[Records from a collection]
========================

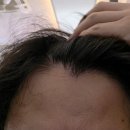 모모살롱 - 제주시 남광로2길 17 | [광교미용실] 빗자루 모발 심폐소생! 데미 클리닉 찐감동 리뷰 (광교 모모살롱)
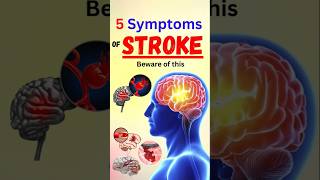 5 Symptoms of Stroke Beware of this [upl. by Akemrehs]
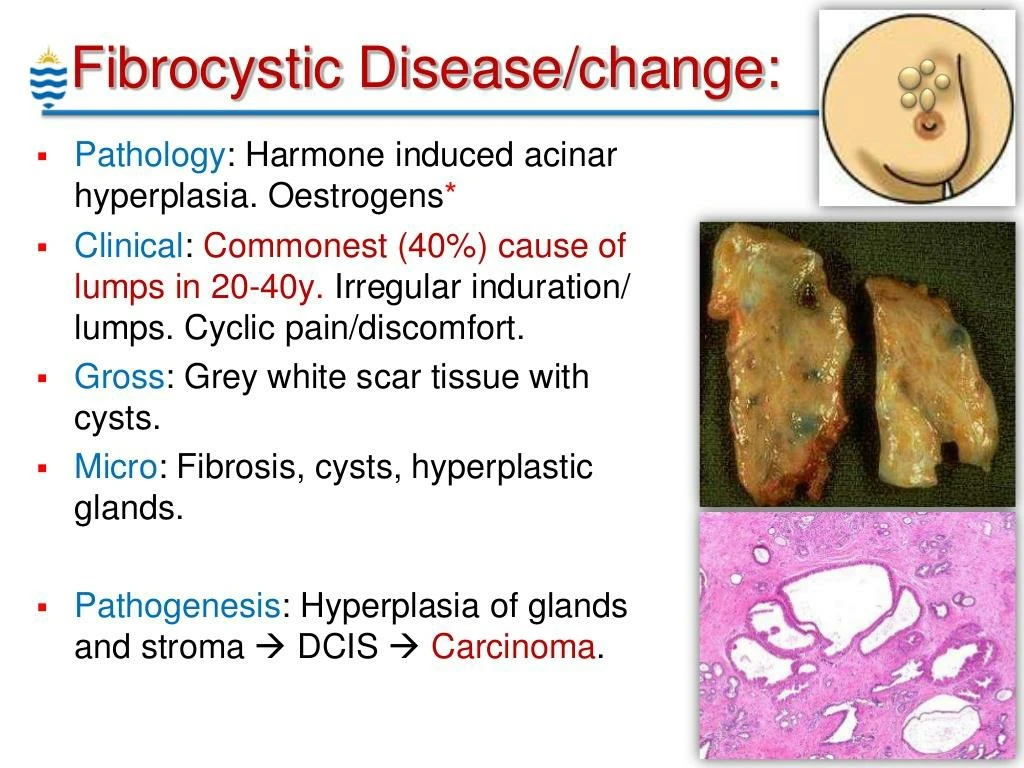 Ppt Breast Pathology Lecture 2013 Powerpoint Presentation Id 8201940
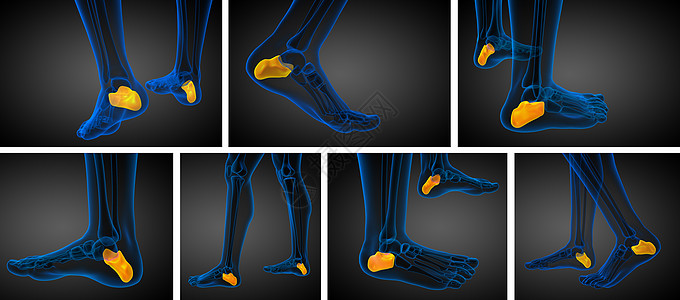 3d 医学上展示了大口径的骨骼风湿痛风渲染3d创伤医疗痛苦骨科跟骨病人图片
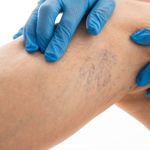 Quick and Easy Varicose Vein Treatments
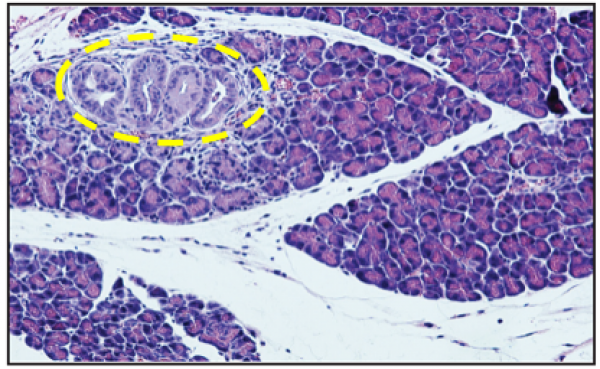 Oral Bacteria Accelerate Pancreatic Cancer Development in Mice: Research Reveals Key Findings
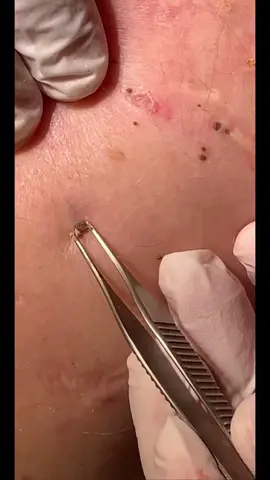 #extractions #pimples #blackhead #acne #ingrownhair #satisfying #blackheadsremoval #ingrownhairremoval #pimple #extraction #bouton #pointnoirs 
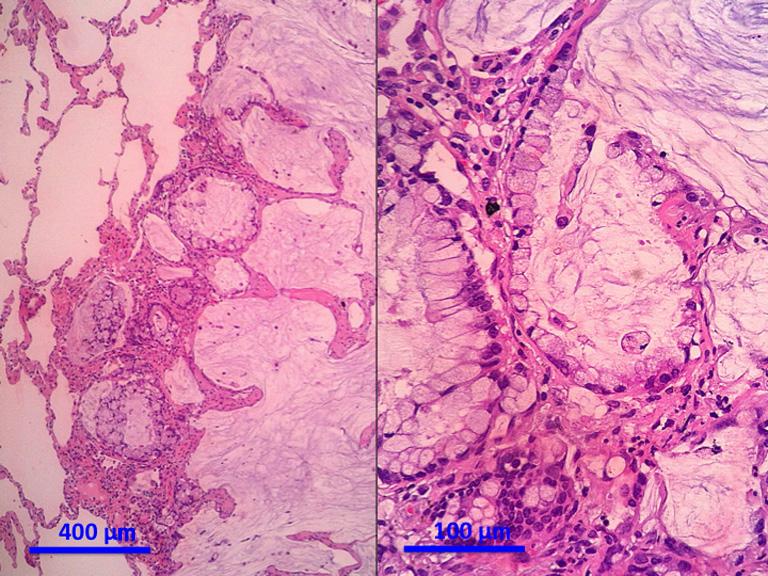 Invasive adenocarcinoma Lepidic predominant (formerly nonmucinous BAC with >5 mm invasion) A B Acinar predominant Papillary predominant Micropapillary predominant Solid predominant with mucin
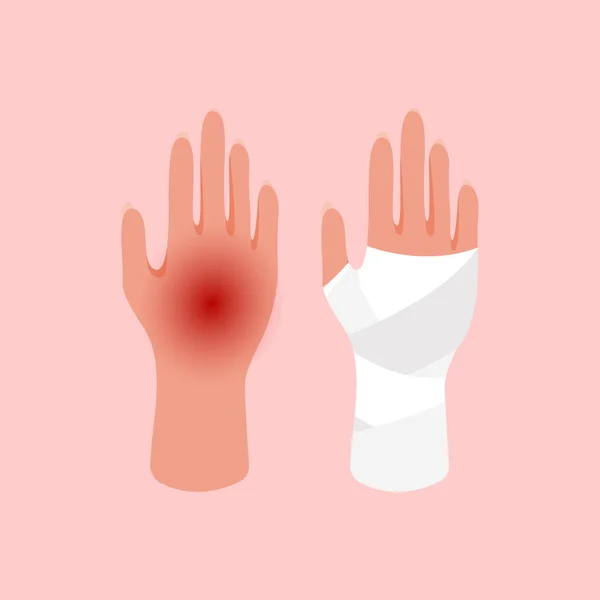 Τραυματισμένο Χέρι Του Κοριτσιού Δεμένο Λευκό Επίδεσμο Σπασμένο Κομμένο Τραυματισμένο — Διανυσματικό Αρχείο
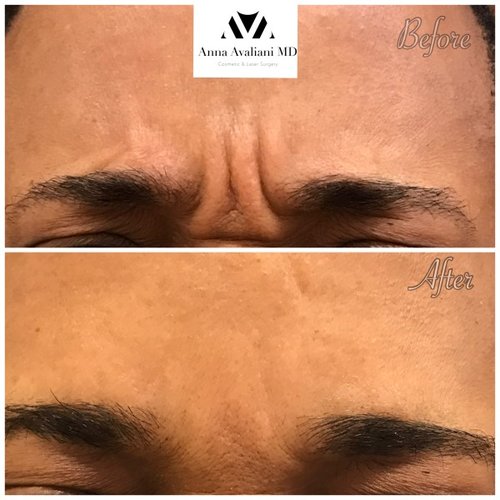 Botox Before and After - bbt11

========================

### Instructions to follow
Among the records above, locate the line containing "Ppt Breast Pathology" and the line containing "#extractions #pimples #blackhead", then transcribe exactly the lines starting at the first and ending at the second, with no pictures.

### Expected answer
 Ppt Breast Pathology Lecture 2013 Powerpoint Presentation Id 8201940
 3d 医学上展示了大口径的骨骼风湿痛风渲染3d创伤医疗痛苦骨科跟骨病人图片
 Quick and Easy Varicose Vein Treatments
 Oral Bacteria Accelerate Pancreatic Cancer Development in Mice: Research Reveals Key Findings
 #extractions #pimples #blackhead #acne #ingrownhair #satisfying #blackheadsremoval #ingrownhairremoval #pimple #extraction #bouton #pointnoirs 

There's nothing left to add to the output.